(Items from a dataset)
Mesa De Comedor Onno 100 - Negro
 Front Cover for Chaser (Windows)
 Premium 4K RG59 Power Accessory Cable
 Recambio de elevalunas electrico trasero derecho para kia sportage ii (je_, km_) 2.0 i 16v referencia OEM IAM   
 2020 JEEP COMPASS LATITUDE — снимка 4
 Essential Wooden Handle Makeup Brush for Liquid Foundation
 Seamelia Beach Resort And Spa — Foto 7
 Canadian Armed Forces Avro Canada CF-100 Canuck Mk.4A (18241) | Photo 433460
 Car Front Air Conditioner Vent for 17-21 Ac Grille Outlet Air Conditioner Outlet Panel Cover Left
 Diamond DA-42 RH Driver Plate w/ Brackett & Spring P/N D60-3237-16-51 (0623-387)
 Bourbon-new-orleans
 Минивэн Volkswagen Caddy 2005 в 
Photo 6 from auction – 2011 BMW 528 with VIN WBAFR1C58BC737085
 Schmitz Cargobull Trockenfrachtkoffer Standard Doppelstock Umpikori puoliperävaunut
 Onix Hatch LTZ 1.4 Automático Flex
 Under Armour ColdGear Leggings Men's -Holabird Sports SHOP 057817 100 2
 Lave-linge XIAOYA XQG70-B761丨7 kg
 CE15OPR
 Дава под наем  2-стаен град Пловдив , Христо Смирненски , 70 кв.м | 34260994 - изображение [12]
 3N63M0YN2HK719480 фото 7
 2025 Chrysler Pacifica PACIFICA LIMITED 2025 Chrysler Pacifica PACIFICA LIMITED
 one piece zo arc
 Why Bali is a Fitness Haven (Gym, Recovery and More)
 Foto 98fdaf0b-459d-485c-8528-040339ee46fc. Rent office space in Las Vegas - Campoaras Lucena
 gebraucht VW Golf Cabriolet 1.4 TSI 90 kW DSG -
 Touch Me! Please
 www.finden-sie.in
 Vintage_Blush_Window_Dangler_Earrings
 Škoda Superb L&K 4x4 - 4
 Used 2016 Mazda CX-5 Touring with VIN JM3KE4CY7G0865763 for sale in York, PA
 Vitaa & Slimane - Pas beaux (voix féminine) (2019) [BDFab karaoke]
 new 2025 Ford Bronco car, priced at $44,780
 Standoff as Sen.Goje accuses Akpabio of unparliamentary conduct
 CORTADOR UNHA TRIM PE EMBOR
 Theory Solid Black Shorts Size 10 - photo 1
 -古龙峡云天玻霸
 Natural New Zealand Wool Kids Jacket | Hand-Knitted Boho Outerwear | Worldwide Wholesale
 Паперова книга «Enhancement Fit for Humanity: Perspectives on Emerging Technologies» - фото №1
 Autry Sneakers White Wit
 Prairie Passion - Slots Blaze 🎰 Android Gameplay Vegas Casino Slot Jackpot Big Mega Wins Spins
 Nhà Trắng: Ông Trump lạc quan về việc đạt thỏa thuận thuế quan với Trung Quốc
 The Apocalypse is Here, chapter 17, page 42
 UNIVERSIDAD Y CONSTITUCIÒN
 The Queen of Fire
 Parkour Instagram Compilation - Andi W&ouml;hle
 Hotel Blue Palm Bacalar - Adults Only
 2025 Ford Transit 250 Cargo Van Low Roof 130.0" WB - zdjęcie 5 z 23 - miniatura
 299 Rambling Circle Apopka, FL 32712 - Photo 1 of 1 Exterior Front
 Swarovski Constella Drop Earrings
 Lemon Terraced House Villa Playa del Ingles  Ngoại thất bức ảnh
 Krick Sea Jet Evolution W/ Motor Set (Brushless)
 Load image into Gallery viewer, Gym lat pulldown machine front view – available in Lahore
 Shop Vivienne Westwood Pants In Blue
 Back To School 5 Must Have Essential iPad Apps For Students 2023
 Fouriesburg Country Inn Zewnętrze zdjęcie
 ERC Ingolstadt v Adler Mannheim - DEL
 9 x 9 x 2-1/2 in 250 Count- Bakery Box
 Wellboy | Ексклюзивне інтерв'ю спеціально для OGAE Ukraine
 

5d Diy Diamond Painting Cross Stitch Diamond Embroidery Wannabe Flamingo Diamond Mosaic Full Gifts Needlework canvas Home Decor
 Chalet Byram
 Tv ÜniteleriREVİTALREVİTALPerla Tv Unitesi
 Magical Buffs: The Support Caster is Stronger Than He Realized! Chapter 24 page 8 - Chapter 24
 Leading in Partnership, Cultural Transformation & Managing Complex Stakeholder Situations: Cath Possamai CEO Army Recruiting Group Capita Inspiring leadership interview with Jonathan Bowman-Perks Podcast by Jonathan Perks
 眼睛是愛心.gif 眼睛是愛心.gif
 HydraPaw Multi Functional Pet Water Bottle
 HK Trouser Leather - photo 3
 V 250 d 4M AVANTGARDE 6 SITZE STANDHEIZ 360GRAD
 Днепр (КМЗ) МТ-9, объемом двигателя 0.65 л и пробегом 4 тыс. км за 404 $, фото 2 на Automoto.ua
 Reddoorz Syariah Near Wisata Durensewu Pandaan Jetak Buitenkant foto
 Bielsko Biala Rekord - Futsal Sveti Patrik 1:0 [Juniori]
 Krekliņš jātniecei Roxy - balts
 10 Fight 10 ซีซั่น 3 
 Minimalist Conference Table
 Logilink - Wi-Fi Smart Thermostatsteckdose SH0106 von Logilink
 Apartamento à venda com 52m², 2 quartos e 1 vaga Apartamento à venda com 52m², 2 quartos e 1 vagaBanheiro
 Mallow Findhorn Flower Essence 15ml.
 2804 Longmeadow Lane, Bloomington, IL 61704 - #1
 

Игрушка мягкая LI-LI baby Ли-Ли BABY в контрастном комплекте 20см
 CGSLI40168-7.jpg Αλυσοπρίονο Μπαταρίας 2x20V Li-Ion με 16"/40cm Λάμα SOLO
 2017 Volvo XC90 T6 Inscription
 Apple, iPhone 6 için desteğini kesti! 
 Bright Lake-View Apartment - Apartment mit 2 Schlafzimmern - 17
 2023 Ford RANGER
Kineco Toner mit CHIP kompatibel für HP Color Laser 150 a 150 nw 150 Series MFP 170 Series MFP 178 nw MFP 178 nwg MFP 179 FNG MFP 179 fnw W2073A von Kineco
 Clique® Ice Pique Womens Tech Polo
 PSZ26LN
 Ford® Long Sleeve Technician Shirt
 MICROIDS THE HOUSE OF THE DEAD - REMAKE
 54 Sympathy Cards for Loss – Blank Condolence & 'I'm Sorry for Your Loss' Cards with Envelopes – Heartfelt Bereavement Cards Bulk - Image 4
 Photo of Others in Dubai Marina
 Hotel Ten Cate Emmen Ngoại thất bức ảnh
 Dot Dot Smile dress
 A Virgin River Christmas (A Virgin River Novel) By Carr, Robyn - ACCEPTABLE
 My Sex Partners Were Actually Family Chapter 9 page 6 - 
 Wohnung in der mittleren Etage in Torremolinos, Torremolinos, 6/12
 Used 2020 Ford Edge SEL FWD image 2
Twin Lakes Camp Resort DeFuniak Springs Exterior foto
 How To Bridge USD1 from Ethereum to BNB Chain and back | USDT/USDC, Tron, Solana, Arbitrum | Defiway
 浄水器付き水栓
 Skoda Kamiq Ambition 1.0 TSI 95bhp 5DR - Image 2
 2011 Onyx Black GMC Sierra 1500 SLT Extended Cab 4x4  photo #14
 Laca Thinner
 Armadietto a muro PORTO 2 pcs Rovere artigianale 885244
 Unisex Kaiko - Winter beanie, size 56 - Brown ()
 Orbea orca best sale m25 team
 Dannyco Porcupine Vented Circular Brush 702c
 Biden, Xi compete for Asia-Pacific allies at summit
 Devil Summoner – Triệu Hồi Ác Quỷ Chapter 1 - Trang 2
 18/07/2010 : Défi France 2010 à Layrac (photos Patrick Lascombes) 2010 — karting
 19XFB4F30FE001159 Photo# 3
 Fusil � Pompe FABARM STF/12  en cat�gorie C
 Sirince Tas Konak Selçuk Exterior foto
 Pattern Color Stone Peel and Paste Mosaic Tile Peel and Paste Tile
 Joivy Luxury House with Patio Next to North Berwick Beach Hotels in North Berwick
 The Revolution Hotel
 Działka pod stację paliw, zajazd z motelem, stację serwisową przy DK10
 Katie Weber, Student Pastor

Work request
In the data above, retype exactly and only the lines between the one holding "2025 Chrysler Pacifica PACIFICA LIMITED 2025" and the one holding "Tv ÜniteleriREVİTALREVİTALPerla Tv Unitesi", inclusive.

Solution below
 2025 Chrysler Pacifica PACIFICA LIMITED 2025 Chrysler Pacifica PACIFICA LIMITED
 one piece zo arc
 Why Bali is a Fitness Haven (Gym, Recovery and More)
 Foto 98fdaf0b-459d-485c-8528-040339ee46fc. Rent office space in Las Vegas - Campoaras Lucena
 gebraucht VW Golf Cabriolet 1.4 TSI 90 kW DSG -
 Touch Me! Please
 www.finden-sie.in
 Vintage_Blush_Window_Dangler_Earrings
 Škoda Superb L&K 4x4 - 4
 Used 2016 Mazda CX-5 Touring with VIN JM3KE4CY7G0865763 for sale in York, PA
 Vitaa & Slimane - Pas beaux (voix féminine) (2019) [BDFab karaoke]
 new 2025 Ford Bronco car, priced at $44,780
 Standoff as Sen.Goje accuses Akpabio of unparliamentary conduct
 CORTADOR UNHA TRIM PE EMBOR
 Theory Solid Black Shorts Size 10 - photo 1
 -古龙峡云天玻霸
 Natural New Zealand Wool Kids Jacket | Hand-Knitted Boho Outerwear | Worldwide Wholesale
 Паперова книга «Enhancement Fit for Humanity: Perspectives on Emerging Technologies» - фото №1
 Autry Sneakers White Wit
 Prairie Passion - Slots Blaze 🎰 Android Gameplay Vegas Casino Slot Jackpot Big Mega Wins Spins
 Nhà Trắng: Ông Trump lạc quan về việc đạt thỏa thuận thuế quan với Trung Quốc
 The Apocalypse is Here, chapter 17, page 42
 UNIVERSIDAD Y CONSTITUCIÒN
 The Queen of Fire
 Parkour Instagram Compilation - Andi W&ouml;hle
 Hotel Blue Palm Bacalar - Adults Only
 2025 Ford Transit 250 Cargo Van Low Roof 130.0" WB - zdjęcie 5 z 23 - miniatura
 299 Rambling Circle Apopka, FL 32712 - Photo 1 of 1 Exterior Front
 Swarovski Constella Drop Earrings
 Lemon Terraced House Villa Playa del Ingles  Ngoại thất bức ảnh
 Krick Sea Jet Evolution W/ Motor Set (Brushless)
 Load image into Gallery viewer, Gym lat pulldown machine front view – available in Lahore
 Shop Vivienne Westwood Pants In Blue
 Back To School 5 Must Have Essential iPad Apps For Students 2023
 Fouriesburg Country Inn Zewnętrze zdjęcie
 ERC Ingolstadt v Adler Mannheim - DEL
 9 x 9 x 2-1/2 in 250 Count- Bakery Box
 Wellboy | Ексклюзивне інтерв'ю спеціально для OGAE Ukraine
 

5d Diy Diamond Painting Cross Stitch Diamond Embroidery Wannabe Flamingo Diamond Mosaic Full Gifts Needlework canvas Home Decor
 Chalet Byram
 Tv ÜniteleriREVİTALREVİTALPerla Tv Unitesi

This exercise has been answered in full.